I’ve been dealing with a design problem for quite a while now, where cyclic dependencies are the fundamental problem, and I’m having some problems resolving it elegantly. I’m coming from C, where cyclic dependencies are both possible and quite easily resolvable.
The following is a very simplified image of the files in the project which are of interest:
ast.ml (doesn’t actually have an interface, I’m not too keen on copying the whole type)
type loc = string * (int * int) * (int * int)
and id = string * loc
and decl =
| Decl_Func of decl_func
and decl_func = {
df_Name: id;
mutable df_SymTab: sym_tab option;
}
(* goes on for about 100 more types *)
symtab.mli
type t
type symbol =
| Sym_Func of Ast.decl_func
val lookup_by_id: Ast.id -> symbol
(there are more files to be added in the future)
In C I'd simply make the symbol table a pointer, and forward declare it.

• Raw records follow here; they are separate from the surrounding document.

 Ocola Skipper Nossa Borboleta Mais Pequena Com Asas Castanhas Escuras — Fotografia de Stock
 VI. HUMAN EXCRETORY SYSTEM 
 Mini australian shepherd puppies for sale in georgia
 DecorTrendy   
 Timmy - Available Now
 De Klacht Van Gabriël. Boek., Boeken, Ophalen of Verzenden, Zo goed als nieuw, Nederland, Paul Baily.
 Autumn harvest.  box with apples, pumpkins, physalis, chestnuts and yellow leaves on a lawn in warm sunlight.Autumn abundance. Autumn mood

Problem solved. This, unfortunately, isn't possible in OCaml.
Each of the implementations is quite large. Which means I absolutely do not want to make everything recursive modules, since that would mean the implementation file will be 10kloc or even more, with a ton of code which is not really related (beyond the big recursive type).

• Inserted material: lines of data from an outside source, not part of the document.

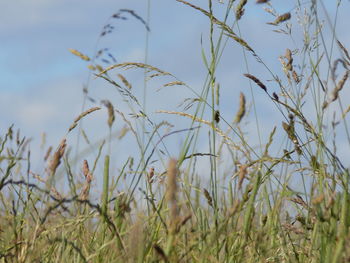 Close-up of grass against sky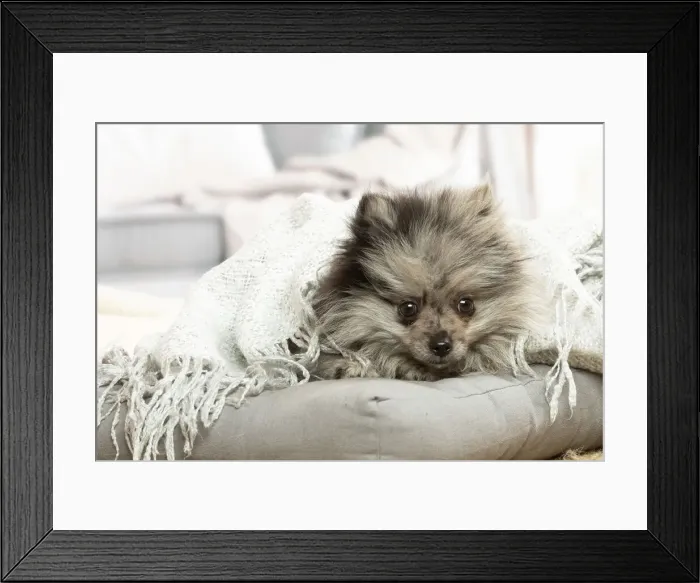 Framed Print : SPITZ. Pomeranian dog lying down indoors Framed Print : SPITZ. Pomeranian dog lying down indoors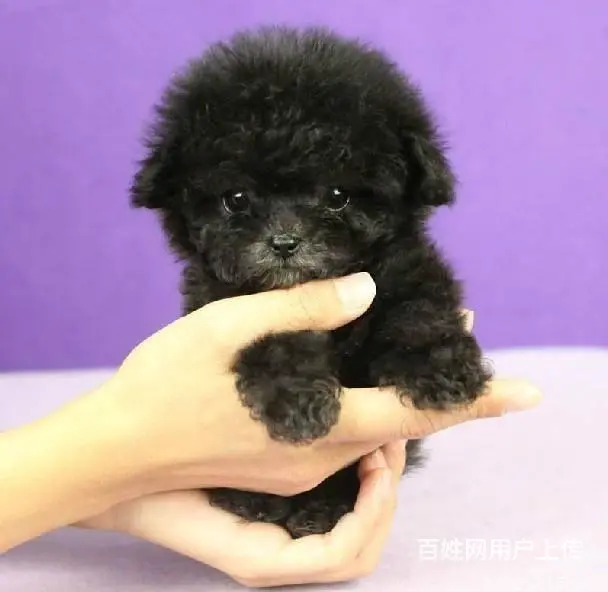 纯种泰迪犬 微小体茶杯泰迪犬价格 泰迪犬舍 - 图片 4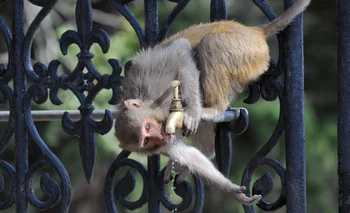Un mono toma agua de una canilla un día de calor en India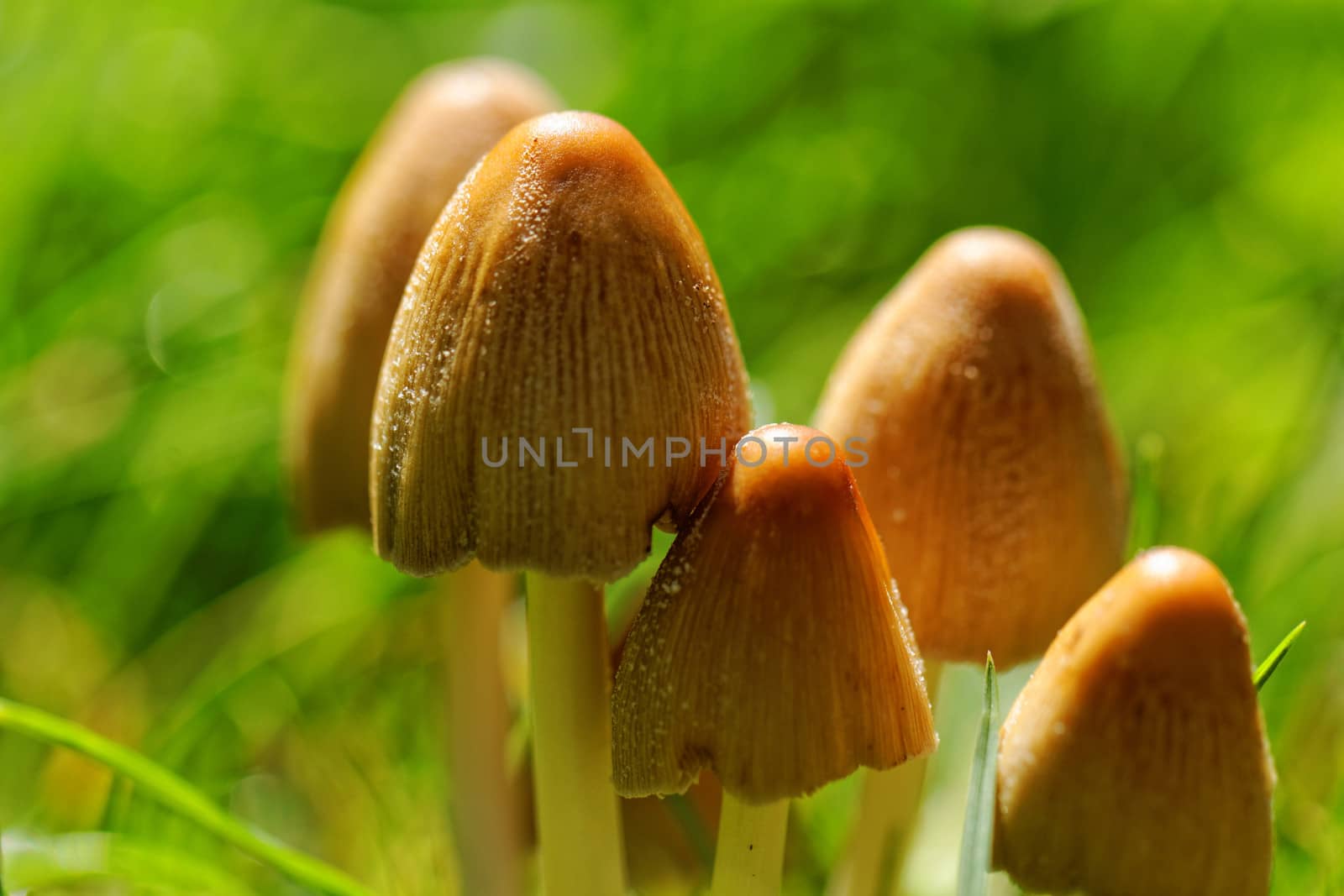 Mushroom growing in the grass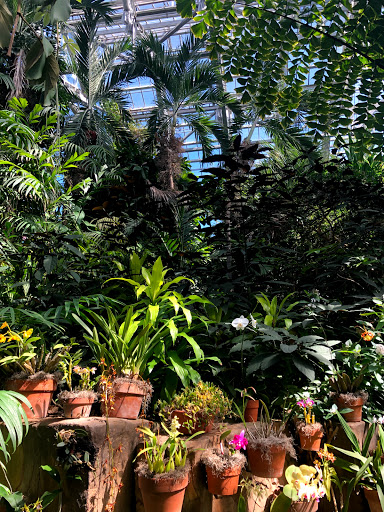 Gift Shop «Meijer Gardens Gift Shop», reviews and photos, 1000 E Beltline Ave NE, Grand Rapids, MI 49525, USA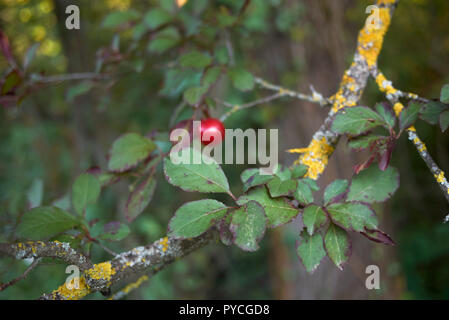 Niederlassung von Prunus cerasifera nigra mit roter Pflaume Stockfoto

How would I solve this, while still maintaining a somewhat modular design?
You're not the first to have that problem and there are numerous different solutions depending on workflow, taste and needs.
Here is a good way to think about it.
By leaves, I mean the types like loc
or id
that do not depend on any other type. They don't need to be in your recursive type definition and therefore shouldn't be.

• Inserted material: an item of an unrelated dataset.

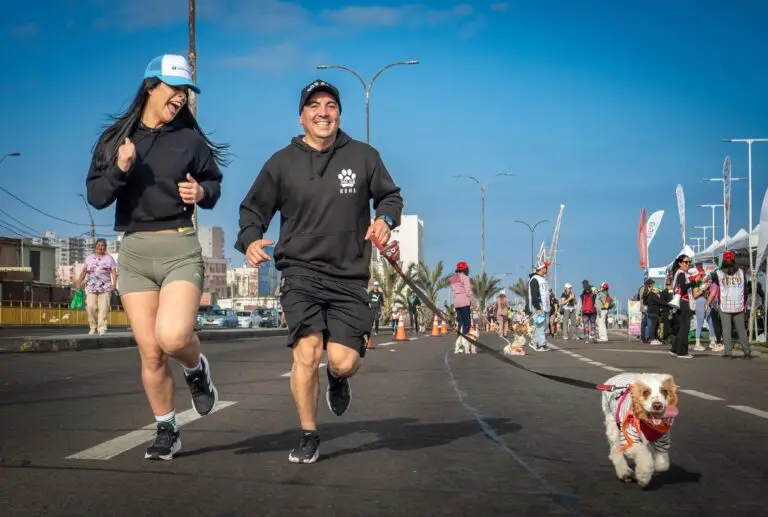 Corrida Familiar Perruna (4)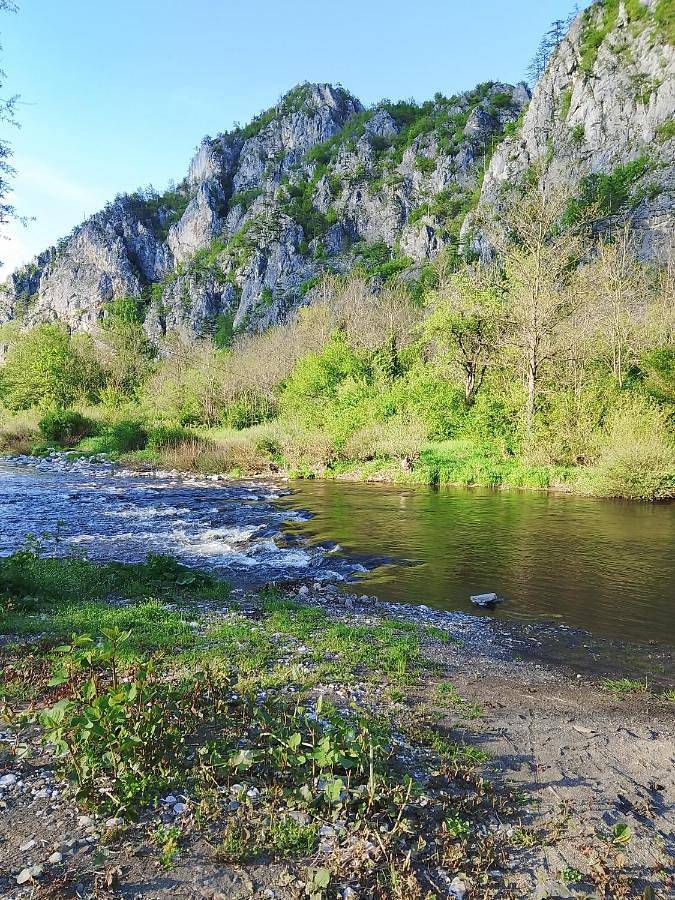 Camping Dobrunvik in Republika Serbska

Moreover, you'll probably have specific functions to handle locations and identifiers and having those function close to the type definition is good practice. So, you can create a ast_loc.ml and a ast_id.ml file with the appropriate definitions and basic functions.
This may seem like little, but it will actually help make your code clearer with the added bonus of lightening up ast.ml.
Now, I do not recommend you use that extensively, as it tends to make code harder to read, as it has more indirections. Check this out:
type 't v = Thing of 't
(* potentially in a different later file *)
type t = Stuff of t v
By using a type parameter, you can delay the usage of recursivity in your type definition. Note that I do not recommend you use it for your whole AST as it will make maintaining a pain but if you have some middle nodes that behave quite independently of the rest, this may help.
These for instance, can be often used:
type 'a named = { id : id; v : 'a; }
type 'a located = { loc : loc; v: 'a; }
This method is particularly useful if it helps factorize your type definition. But, as I have already stated: don't abuse it! It is easy to do, but hard to maintain.
As of today, the Parsetree
file of the OCaml compiler has 958 lines. That's what it's supposed to have. It is a complex tree structure and that should be visible.
Note that the file is just a type definition. Subsequent files contain the code to manipulate that definition (and usually don't introduce new types that are necessary outside their module).
In a way, I am a bit contradicting the point I made about loc
and id
arguing that you should separate type definition and code, but this is a different case: loc
and id
are simple types that can be manipulated independently. symbol
only makes sense within your AST definition. Also, nothing keeps you from creating a symbol.ml file that manipulates that part of the AST without containing the type definition (comments are your friends, Merlin is a must).
Also, recursive functors is not something I'd advise unless you really need them.